Listen to Pete Comley talk about the data on Share Radio:
CPI inflation remained at -0.1% in October – the first time prices have been negative two months in a row since this index was created in 1996. RPI declined to 0.7%.
Reasons for deflation
The key driver for low inflation remains the decline in petrol prices (linked to world crude prices). Petrol was 109p in mid-October this year compared with 127p last year. In addition food prices have also dropped over the previous 12 months with some further falls seen in October. For example, the cost of diary spreads was lower, as were certain meats like lamb and sausages, wine, seasonal vegetables including carrots and fruit such as grapes.
ONS also claimed that there was also “downward price pressures for university tuition fees”. This was not quite correct as most students know. More correctly ONS should have been pointing out that the rise in fees to £9000 has now worked its way through nearly all three years of degree stduents, and is no longer exerting such a strong positive impact on inflation – it has been adding up to 0.3% to the headline rate since 2012.

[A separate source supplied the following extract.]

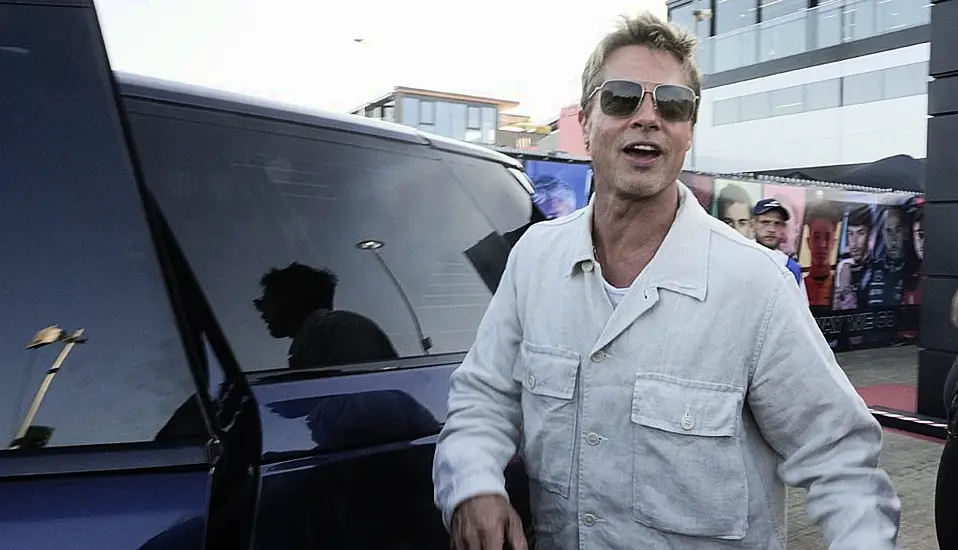 Brad Pitt Cheers Fans At Silverstone Paddock Ahead Of British Grand Prix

Balanced against these negative factors are the continued rise in service inflation +2.2%. Computer games and consoles were also up. ONS also talk about clothes price rises in October. Again clothes have produced some spurious impacts on inflation. These rises tell us more about the unusual lack of a increase in September than they do about October – this being probably related to slightly different patterns of retailer discounting in 2015.
The UK’s figures mirror those seen in many other developed countries. Inflation is also zero across the EU and in the USA. Indeed the average inflation rate for the G7 for 2015 looks like it will set a record low of around 0.3%. Precise records make it difficult to determine when price rises were last this low in so many developed nations simultaneously but it was probably in the Great Depression.
It is worth noting that inflation is not low everywhere in the world. It is higher in some developing countries, particularly those dependent on commodities such as Russia (16%) and Brazil (10%).
Outlook for inflation
The UK is going to continue to see low inflation rates for at least a few months more. However this will all change when the petrol price declines fall out of the calculation in the January data and CPI might then move closer to 1% again. However the exact levels for CPI for 2016 are difficult to predict, as they very much depend on what happens to crude oil prices. Some technical analysts are predicting further declines to $36. That could lead to petrol going sub £1/litre in the UK and a more persistent period of near-zero inflation.